■ Supplied data:
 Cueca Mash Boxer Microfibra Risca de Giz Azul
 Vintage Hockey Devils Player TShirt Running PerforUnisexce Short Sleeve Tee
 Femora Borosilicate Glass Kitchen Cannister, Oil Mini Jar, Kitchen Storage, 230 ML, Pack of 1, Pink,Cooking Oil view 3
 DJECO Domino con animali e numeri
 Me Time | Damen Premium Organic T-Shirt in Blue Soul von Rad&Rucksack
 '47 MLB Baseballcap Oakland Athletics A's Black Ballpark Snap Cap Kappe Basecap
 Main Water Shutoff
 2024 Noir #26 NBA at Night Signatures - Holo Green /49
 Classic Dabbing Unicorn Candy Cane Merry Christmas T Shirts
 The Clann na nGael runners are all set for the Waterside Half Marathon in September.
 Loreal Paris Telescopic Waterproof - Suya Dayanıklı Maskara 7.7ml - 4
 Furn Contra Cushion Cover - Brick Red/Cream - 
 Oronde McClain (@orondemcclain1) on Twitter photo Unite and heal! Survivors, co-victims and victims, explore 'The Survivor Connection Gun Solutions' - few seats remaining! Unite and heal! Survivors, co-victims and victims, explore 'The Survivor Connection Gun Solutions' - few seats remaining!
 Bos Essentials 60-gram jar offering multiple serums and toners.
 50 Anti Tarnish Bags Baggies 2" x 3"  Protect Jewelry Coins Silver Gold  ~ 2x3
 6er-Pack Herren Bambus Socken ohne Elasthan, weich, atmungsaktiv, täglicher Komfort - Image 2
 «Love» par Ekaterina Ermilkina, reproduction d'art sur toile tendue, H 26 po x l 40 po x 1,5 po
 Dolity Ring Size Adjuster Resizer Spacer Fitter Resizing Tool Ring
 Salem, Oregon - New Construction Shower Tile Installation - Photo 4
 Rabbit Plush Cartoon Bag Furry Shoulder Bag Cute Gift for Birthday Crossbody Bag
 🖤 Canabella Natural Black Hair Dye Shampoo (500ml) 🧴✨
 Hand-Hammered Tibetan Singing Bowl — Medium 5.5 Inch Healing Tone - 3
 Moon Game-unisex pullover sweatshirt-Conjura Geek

■ What is needed: An exact copy of the listing is the goal. Transcribe it in full.

■ Your solution:
 Cueca Mash Boxer Microfibra Risca de Giz Azul
 Vintage Hockey Devils Player TShirt Running PerforUnisexce Short Sleeve Tee
 Femora Borosilicate Glass Kitchen Cannister, Oil Mini Jar, Kitchen Storage, 230 ML, Pack of 1, Pink,Cooking Oil view 3
 DJECO Domino con animali e numeri
 Me Time | Damen Premium Organic T-Shirt in Blue Soul von Rad&Rucksack
 '47 MLB Baseballcap Oakland Athletics A's Black Ballpark Snap Cap Kappe Basecap
 Main Water Shutoff
 2024 Noir #26 NBA at Night Signatures - Holo Green /49
 Classic Dabbing Unicorn Candy Cane Merry Christmas T Shirts
 The Clann na nGael runners are all set for the Waterside Half Marathon in September.
 Loreal Paris Telescopic Waterproof - Suya Dayanıklı Maskara 7.7ml - 4
 Furn Contra Cushion Cover - Brick Red/Cream - 
 Oronde McClain (@orondemcclain1) on Twitter photo Unite and heal! Survivors, co-victims and victims, explore 'The Survivor Connection Gun Solutions' - few seats remaining! Unite and heal! Survivors, co-victims and victims, explore 'The Survivor Connection Gun Solutions' - few seats remaining!
 Bos Essentials 60-gram jar offering multiple serums and toners.
 50 Anti Tarnish Bags Baggies 2" x 3"  Protect Jewelry Coins Silver Gold  ~ 2x3
 6er-Pack Herren Bambus Socken ohne Elasthan, weich, atmungsaktiv, täglicher Komfort - Image 2
 «Love» par Ekaterina Ermilkina, reproduction d'art sur toile tendue, H 26 po x l 40 po x 1,5 po
 Dolity Ring Size Adjuster Resizer Spacer Fitter Resizing Tool Ring
 Salem, Oregon - New Construction Shower Tile Installation - Photo 4
 Rabbit Plush Cartoon Bag Furry Shoulder Bag Cute Gift for Birthday Crossbody Bag
 🖤 Canabella Natural Black Hair Dye Shampoo (500ml) 🧴✨
 Hand-Hammered Tibetan Singing Bowl — Medium 5.5 Inch Healing Tone - 3
 Moon Game-unisex pullover sweatshirt-Conjura Geek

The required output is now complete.